= Marie Conway Oemler =

American author (1879-1932)

Marie Conway Oemler (May 29, 1879 – June 7, 1932) was an American author from Georgia. She wrote numerous books and was a contributor to publications including The Century Magazine, Harper's Bazaar, Women's Home Companion, and Ladies Home Journal. Her books Slippy McGee and A Woman Named Smith are part of the Library of Congress Collection and have been digitized. Three films have been adapted from her novels.

==Early life==
Born Marie Conway in Savannah, Georgia on May 29, 1879, she was the daughter of Helena Browne Conway and Richard Hoban Conway. Her maternal grandmother was born in Tipperary, Ireland and taught her about Irish folklore and fairy tales throughout her childhood. Her paternal grandfather was an amateur naturalist. As a child, she lived with him in Florida, which is where she first met a Red Admiral, a butterfly that had an important role in her book The Purple Heights.

==Career==
Oemler's first works were poetry and short stories, published in magazines from 1907 to 1917. Her first book, Slippy McGee, was published in 1917 and had slow sales at first. However, it had repeated printings and became Oemler's most popular novel. In 1919, Oemler's novel A Woman Named Smith was published. The book focused on a love story set in a haunted house in the South. Her next novel, The Purple Heights (1920), became a bestseller.

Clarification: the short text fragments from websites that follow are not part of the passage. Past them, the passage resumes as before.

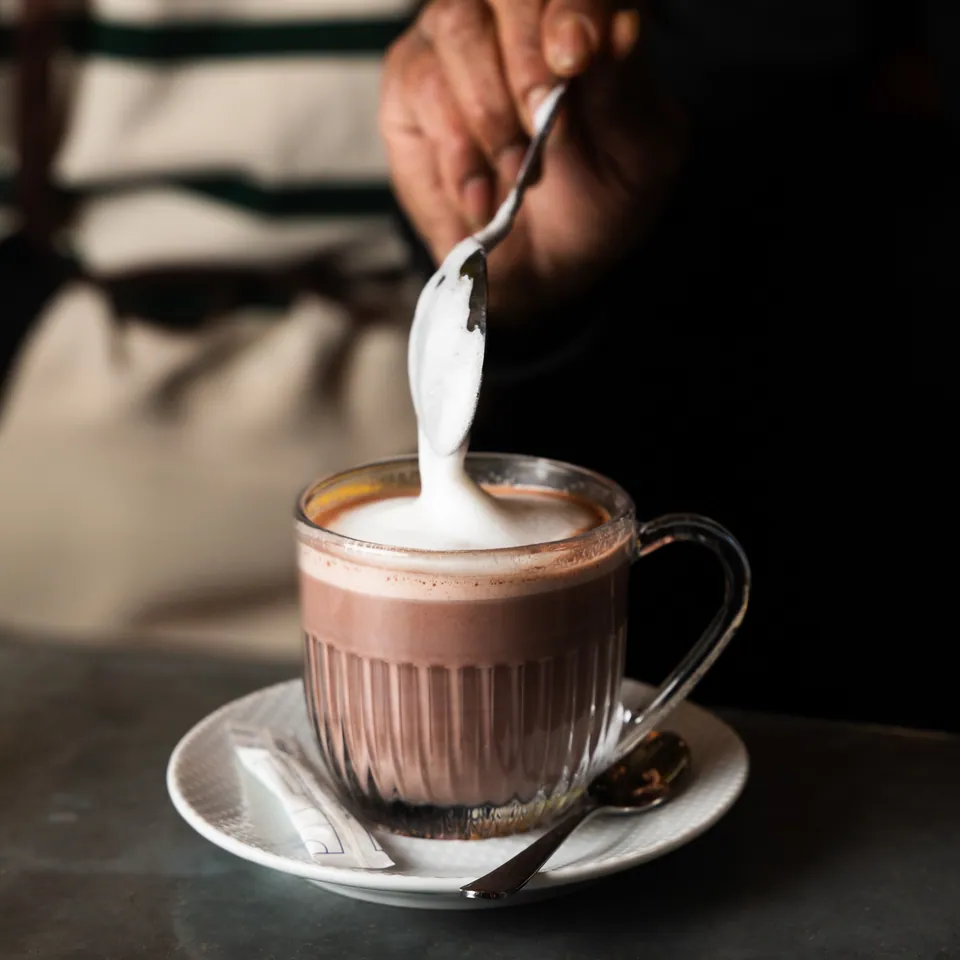 Le premier café crème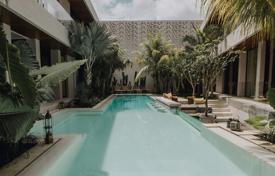 5غرفة ویلا  600 متر مربع Berawa Beach, اندونزی. $2,972,000 از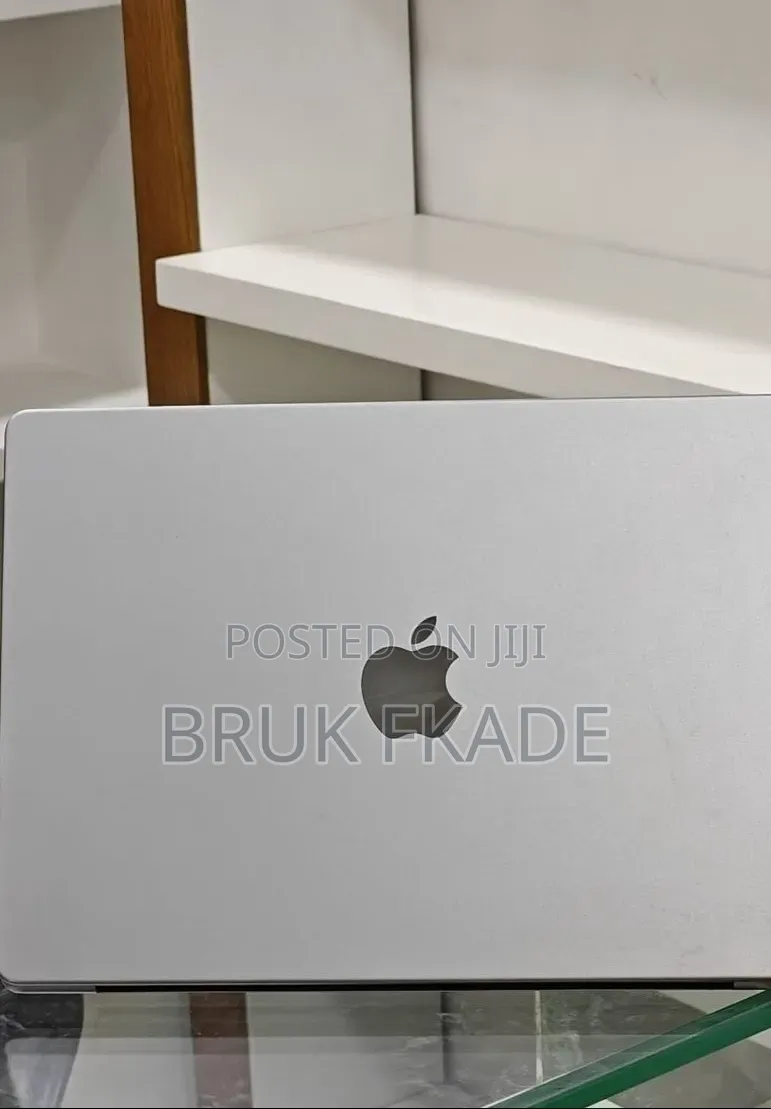 New Laptop Apple MacBook Pro 2024 M3 14-inch 8GB Apple M3 Pro SSD 512GB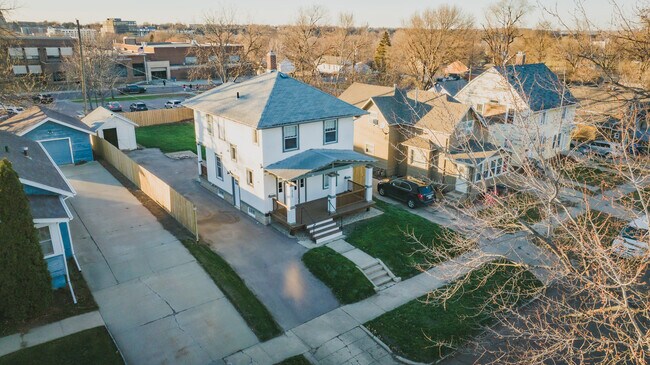 Photo - 419 N French Ave House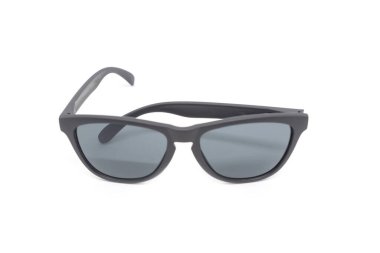 Beyaz arka planda modern siyah gözlük.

She wrote the 1927 novel The Holy Lover focusing on John Wesley, an 18th-century English religious leader. A historical novel, this work deviated from the popular fiction she created during most of her career, and stood alone as her most serious work. Most of her novels were written to appeal to wider audiences, using sensationalist adventure, romance, and suspense in her plots.

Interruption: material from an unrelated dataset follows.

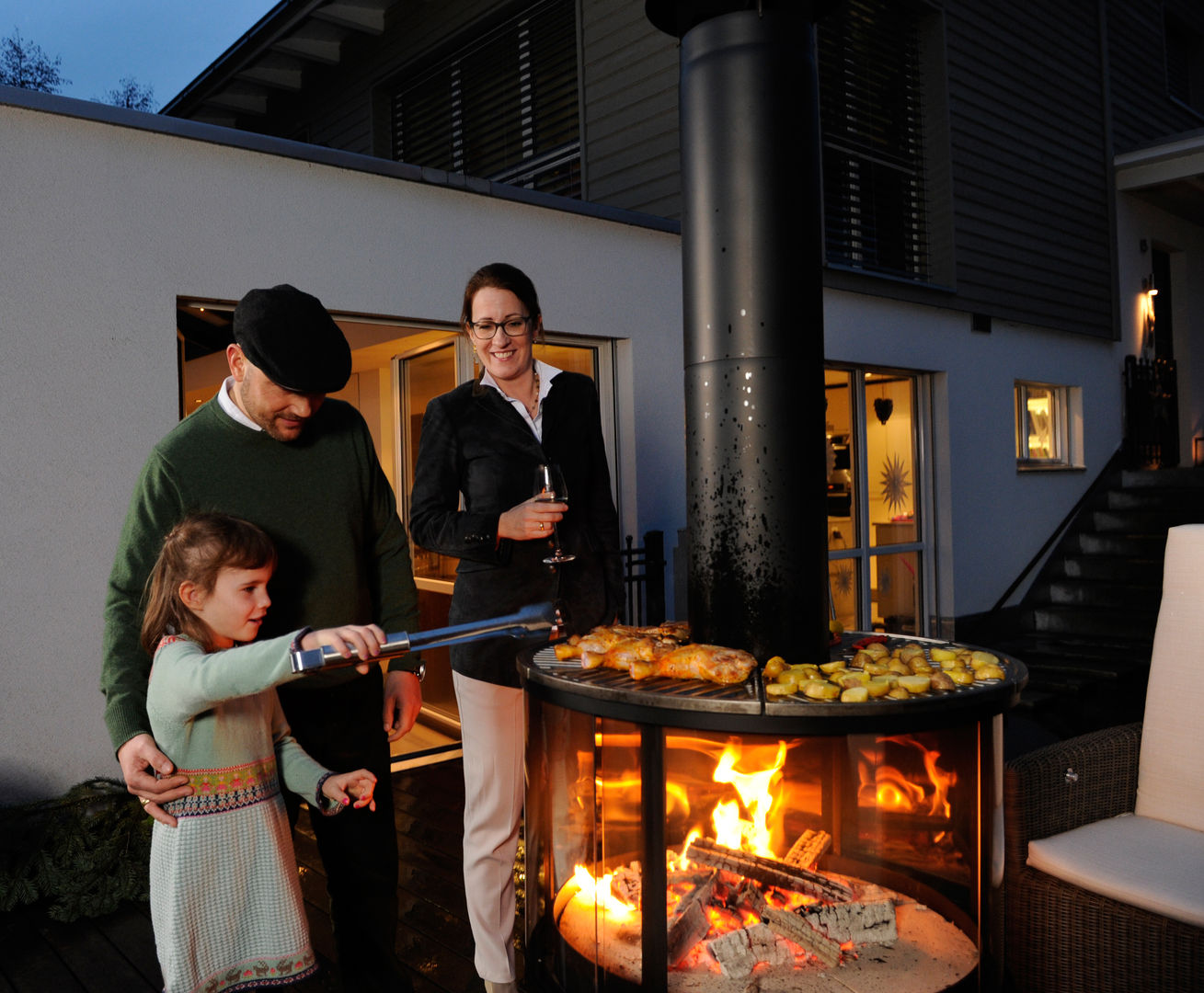 Outdoor-Feuerstelle Rüegg SURPRISE, Rüegg Cheminée Schweiz AG Rüegg Cheminée Schweiz AG Klasyczny balkon, taras i weranda Żelazo/Stal Meble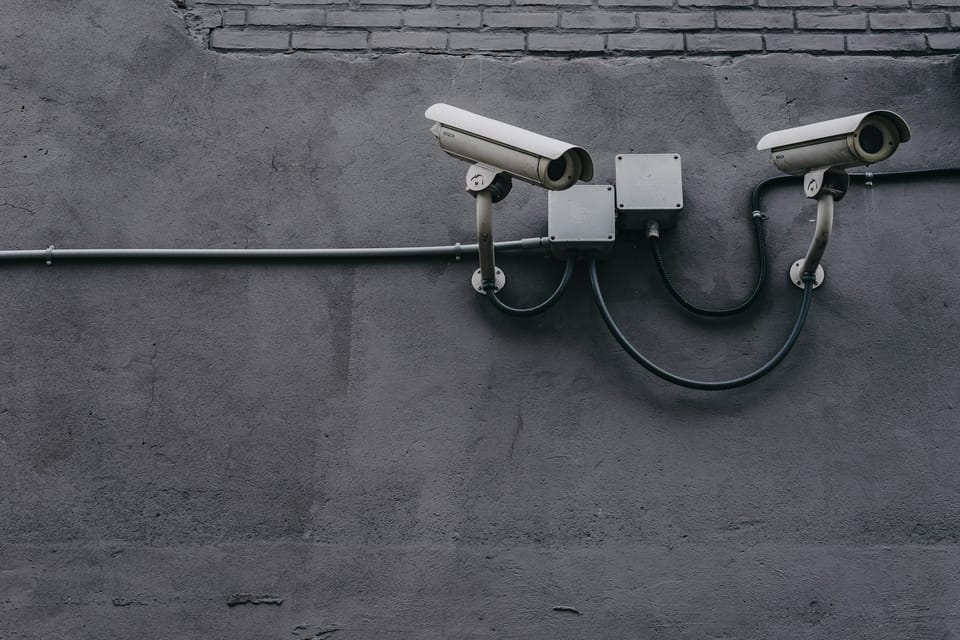 Quick Tip: Find Out Where People Are Stealing Your Photos and Bandwidth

Her book Where the Young Child Was is a collection of Christmas themed stories.

==Personal life==
She married John Norton Oemler in 1901 and had two children, a boy and a girl—Alan Norton Oemler and Elizabeth Heyward Oemler, respectively. She died from heart disease on June 7, 1932, in Charleston, South Carolina.

==Bibliography==
===Short stories===
- The Spirit of the House (1915)
- Where the Young Child Was (1916)

===Novels===
- Slippy McGee: The Butterfly Man (1917)
- A Woman Named Smith (1919)
- The Purple Heights (1920)
- Where the Young Child Was and Other Christmas Stories (1921)
- Two Shall Be Born (1922)
- His Wife-in-Law (1925)
- The Holy Lover (1927)
- The Little Brown House (1927)
- The Laughing Prodigal (1928)
- Sheaves (1928)
- Johnny Reb (1929) New York & London, Century Co. (Grosset & Dunlap)
- Flower of Thorn (1931)

==Media adaptations==
Oemler's work has been adapted into films, including Slippy McGee (1923), Two Shall Be Born (1924), and Slippy McGee (1948).

In Slippy McGee (1948), Norman S. Hall and Jerry Gruskin's screenplay was based on Oemler's novel.